In 1621 and during the Thirty Years War, most of the Czech population and all of its nobility perished or were forced abroad. The Protestant religion was suppressed; the Czech language was relegated to the peasantry. Then, in the late 18th century, the Czech people emerged from these disasters with a National Renaissance that awakened a sense of nationalism. Playwrights and poets played a central role in it by reviving and modernizing the Czech language, which traveling actors spread to a then-illiterate populace.

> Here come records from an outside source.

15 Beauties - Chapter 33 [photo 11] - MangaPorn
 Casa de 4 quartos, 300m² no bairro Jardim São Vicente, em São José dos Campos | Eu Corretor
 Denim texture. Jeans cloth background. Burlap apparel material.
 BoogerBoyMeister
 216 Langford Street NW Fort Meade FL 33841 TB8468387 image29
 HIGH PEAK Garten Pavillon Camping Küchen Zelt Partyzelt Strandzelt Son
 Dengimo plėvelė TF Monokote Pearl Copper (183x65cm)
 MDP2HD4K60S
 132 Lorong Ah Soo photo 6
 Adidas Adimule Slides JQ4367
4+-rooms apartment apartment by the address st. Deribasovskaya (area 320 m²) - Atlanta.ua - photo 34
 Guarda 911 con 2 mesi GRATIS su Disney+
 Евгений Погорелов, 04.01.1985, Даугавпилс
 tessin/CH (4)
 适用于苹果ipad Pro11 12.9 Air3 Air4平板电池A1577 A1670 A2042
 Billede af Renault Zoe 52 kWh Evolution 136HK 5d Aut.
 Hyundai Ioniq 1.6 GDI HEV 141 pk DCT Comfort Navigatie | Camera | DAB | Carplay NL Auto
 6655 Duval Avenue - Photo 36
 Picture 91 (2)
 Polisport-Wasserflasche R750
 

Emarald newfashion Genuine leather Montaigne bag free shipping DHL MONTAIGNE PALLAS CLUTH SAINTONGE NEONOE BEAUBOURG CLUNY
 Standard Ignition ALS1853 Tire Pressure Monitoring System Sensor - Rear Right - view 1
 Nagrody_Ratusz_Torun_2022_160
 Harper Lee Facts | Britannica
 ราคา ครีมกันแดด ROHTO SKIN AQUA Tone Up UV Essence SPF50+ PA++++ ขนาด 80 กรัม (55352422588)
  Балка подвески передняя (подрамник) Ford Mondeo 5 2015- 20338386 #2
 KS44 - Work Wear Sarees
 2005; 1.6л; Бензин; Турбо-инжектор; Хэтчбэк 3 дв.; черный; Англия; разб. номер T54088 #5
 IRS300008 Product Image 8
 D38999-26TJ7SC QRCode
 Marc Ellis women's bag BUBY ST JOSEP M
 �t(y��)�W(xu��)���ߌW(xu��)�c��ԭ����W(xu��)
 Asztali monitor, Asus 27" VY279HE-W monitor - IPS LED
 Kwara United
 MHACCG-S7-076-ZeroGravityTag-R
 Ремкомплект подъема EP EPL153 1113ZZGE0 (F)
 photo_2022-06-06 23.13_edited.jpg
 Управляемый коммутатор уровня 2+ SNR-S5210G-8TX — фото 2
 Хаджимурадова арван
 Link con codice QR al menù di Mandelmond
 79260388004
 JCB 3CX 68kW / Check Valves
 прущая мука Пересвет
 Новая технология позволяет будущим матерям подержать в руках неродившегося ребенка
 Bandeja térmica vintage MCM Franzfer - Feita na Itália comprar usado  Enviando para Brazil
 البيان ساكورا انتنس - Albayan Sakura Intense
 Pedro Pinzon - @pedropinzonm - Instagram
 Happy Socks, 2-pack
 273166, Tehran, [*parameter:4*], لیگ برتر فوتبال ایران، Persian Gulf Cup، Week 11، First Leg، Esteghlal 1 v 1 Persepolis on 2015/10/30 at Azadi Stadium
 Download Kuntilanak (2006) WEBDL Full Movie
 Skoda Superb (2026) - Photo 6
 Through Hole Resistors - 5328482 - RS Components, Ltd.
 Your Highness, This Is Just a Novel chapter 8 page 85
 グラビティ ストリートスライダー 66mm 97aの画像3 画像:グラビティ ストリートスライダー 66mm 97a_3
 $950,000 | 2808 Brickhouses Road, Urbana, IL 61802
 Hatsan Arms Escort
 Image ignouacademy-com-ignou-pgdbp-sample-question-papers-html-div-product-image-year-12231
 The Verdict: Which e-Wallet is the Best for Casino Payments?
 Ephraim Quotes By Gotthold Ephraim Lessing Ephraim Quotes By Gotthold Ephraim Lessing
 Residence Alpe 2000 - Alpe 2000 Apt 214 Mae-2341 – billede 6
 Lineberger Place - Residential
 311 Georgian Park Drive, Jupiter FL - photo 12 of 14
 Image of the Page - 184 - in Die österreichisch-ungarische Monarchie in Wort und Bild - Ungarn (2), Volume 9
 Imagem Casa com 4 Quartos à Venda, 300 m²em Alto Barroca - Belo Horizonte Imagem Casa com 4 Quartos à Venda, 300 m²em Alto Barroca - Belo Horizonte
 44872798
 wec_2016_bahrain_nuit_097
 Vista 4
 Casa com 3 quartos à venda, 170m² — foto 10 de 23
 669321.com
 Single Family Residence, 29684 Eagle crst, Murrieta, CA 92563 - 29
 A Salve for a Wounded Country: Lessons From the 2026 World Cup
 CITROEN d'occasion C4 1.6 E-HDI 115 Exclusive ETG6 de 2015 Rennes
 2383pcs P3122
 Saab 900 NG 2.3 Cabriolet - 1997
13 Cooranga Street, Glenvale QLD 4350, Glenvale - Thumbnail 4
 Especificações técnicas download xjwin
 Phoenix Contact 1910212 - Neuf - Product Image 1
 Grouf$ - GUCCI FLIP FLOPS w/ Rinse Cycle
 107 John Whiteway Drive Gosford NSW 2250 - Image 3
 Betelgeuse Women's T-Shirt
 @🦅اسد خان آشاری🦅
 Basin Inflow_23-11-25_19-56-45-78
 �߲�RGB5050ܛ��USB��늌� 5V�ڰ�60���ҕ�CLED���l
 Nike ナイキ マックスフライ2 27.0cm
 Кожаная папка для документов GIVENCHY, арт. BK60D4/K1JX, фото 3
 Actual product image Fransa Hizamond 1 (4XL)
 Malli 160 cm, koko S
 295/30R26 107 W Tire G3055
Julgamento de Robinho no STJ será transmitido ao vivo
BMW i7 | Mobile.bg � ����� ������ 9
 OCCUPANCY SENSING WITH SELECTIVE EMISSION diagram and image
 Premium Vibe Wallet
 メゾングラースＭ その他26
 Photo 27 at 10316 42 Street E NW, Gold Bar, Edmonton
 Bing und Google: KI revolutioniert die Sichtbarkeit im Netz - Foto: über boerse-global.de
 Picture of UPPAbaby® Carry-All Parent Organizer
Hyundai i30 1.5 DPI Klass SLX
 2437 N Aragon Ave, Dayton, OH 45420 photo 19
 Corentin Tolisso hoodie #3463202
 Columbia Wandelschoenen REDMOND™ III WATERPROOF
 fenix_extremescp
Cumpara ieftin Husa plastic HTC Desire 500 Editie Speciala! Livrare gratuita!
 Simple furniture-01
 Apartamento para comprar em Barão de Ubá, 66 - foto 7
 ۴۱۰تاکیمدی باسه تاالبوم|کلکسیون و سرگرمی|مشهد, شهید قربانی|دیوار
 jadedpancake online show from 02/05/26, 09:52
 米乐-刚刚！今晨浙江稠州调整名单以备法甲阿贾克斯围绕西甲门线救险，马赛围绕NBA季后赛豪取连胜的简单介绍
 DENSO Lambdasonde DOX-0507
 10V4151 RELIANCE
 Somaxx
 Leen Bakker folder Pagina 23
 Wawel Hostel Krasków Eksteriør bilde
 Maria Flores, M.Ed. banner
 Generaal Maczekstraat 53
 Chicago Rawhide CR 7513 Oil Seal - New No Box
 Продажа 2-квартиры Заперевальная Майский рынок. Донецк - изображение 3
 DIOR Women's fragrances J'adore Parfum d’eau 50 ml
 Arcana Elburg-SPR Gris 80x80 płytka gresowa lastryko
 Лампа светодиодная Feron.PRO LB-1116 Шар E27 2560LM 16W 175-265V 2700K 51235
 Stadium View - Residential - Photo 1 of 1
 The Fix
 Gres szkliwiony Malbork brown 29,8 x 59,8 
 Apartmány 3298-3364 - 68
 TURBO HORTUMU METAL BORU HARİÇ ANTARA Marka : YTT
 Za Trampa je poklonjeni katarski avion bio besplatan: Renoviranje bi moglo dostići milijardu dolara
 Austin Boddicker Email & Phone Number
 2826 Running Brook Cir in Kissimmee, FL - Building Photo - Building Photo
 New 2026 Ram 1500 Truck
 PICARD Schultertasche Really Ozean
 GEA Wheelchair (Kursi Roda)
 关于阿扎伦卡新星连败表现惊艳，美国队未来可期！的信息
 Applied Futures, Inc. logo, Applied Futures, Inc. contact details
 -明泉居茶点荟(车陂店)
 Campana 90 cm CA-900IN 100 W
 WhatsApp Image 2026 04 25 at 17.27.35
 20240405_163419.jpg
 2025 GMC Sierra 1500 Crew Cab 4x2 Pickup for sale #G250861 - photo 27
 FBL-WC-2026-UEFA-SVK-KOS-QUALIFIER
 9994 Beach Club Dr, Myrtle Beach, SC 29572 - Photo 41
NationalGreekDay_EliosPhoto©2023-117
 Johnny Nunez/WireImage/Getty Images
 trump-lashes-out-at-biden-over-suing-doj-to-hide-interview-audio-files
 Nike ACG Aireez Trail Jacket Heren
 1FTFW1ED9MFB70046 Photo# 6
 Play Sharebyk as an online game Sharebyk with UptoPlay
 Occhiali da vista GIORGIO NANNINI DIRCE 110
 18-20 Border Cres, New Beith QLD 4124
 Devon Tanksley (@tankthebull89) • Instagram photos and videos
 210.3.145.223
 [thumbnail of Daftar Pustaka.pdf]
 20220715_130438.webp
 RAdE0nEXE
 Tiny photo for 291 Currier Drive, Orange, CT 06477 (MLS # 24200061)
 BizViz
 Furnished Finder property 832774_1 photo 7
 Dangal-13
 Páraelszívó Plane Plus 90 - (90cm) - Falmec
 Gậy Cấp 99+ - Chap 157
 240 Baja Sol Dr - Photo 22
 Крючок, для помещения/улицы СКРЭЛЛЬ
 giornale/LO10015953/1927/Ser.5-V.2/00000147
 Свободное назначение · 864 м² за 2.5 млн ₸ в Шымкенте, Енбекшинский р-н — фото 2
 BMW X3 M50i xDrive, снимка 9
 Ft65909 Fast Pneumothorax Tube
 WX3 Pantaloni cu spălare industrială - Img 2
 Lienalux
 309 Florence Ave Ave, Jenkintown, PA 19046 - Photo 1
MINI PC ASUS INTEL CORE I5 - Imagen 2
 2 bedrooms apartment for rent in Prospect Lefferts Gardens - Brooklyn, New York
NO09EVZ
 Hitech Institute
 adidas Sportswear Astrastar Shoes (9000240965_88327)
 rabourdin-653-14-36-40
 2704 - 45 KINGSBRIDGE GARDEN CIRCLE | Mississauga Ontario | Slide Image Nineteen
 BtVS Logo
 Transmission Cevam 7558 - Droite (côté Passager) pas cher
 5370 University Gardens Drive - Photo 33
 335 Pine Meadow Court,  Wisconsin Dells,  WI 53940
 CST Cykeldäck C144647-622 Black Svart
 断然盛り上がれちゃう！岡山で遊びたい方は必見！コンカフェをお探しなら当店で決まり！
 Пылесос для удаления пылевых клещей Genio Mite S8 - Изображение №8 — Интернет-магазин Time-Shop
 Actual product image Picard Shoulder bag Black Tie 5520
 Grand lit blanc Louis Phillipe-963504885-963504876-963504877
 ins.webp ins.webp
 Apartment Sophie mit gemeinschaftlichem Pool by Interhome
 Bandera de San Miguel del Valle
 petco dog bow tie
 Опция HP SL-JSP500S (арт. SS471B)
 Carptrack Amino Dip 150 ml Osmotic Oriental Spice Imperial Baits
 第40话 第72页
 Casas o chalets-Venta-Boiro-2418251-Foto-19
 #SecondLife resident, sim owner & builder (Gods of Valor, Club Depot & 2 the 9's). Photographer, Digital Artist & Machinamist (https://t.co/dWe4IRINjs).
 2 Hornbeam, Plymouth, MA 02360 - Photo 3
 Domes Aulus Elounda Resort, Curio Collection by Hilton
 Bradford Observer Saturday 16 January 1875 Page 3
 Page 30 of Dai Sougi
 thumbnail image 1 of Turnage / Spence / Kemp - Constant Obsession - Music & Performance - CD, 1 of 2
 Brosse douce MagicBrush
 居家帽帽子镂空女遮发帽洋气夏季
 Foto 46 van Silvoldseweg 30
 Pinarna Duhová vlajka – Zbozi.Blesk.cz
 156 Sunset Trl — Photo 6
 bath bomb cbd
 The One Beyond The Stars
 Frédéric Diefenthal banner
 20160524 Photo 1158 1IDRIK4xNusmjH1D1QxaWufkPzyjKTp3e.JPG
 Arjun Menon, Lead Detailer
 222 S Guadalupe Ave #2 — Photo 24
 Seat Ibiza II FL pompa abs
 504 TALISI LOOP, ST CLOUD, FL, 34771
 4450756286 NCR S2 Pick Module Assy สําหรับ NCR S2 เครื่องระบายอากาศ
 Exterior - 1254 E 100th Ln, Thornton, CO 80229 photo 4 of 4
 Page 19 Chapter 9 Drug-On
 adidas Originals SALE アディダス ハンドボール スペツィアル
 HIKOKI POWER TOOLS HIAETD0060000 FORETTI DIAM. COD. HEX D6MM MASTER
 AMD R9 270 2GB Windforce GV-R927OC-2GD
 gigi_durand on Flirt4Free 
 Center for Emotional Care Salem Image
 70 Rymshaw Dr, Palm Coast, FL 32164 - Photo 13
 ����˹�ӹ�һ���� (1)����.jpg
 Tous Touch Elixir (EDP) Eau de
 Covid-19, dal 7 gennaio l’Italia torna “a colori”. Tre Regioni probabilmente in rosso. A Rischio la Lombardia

Today, Czechoslovakia is carrying on this tradition: It has a playwright president and its stage actors--who are also popular TV stars--were among the first to strike and speak out for a democratic revolution.

The 15th-Century religious reformer Jan Hus preached: “Seek the Truth, learn the Truth, love the Truth, speak the Truth, hold to the Truth, defend the Truth to the death!” “The Truth Prevails!” was Masaryk’s phrase. In recent weeks, Prague and other cities have been plastered with posters bearing Havel’s picture and the words, “Truth and love must prevail over lies and hatred.”

In his 1978 essay “The Power of the Powerless” (dedicated to the philosopher Patocka), Havel examined the post-Stalinist social edifice of lies and explored how individuals could free themselves, regain their identity and “live in the truth.”

Today, as Czechoslovakia enters a new decade and a new era, as it navigates the transition to democracy, a market economy and an unstifled culture, it is once again regaining its identity.